Şuan da zaten Yönetim Kurulu üyesiyim. İzmir’in zaten kalifiye meslek içi eğitimcileri var. Geçmişte görev aldığım süreçte akademisyenlerle ve değerli eğitimcilerle birlikte çok ciddi bir sürekli eğitim merkezi kurmuştuk. Yönetim kurulu kararıyla yetkilerimiz elimizden alındı ve bu merkez işletilmedi. Paralı eğitim kurumlarıyla anlaşıldı. Meslektaşlarımız paralı eğitim kurumlarından gelen reklamlara boğuldu. Baronun mesleğe yapılan saldırılara karşı durması, meslek alanının genişletilmesi için çalışması, meslektaşın yanında kurumsal gücü hissettirmesi, meslektaşlara uzmanlaşma konusunda yardımcı olması, kazanımların arttırılması yönelik çalışmalar yapması gerektiği inancındayız. Bina yaparak meslektaşların hayat şartlarının düzelmesi, Türkiye’de hukukun durumunun düzelmesi mümkün değil. Önemli olan meslektaşlarımızın hayat kalitesini, mesleğin kalitesinin arttırılmasıdır. Avukatlık sınavı, hukuk sigortası ve benzeri kolaylıklarla meslektaşın önünün açılması gerektiği inancındayız.

EĞİTİMDE GRUP AİDİYETİ OLMAYACAK

Son iki yılda İzmir Barosunun bir duruşunun olmadığı, etkin olmadığı düşüncesindeyiz.
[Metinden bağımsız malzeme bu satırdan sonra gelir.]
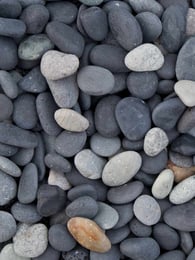 Beach pebbles zwart 8 - 16mm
Eskiden öncü bir baroyken şu an gündemi takip eden bir baro durumunda olduğu için aday oluyoruz. Etkin, adil ve güçlü bir baro, meslektaşının yanında olan bir baro ben değil biz diyen bir baro, ötekileştirmeyen kutuplaştırmayan herkese kapısını açan bir baro vadediyoruz. Özellikle diğer bütün gruplara komisyonlarımızın kapısı, baromuzun kapısı sonuna kadar açık olacak. Eğitimde grup aidiyeti diye bir şey olmayacak. Her gruptan bütün ehil arkadaşlarımızla birlikte çalışacağız. Mesleğin önünü açmak, meslektaşın önünü açmak için elimizden geleni yapacağız.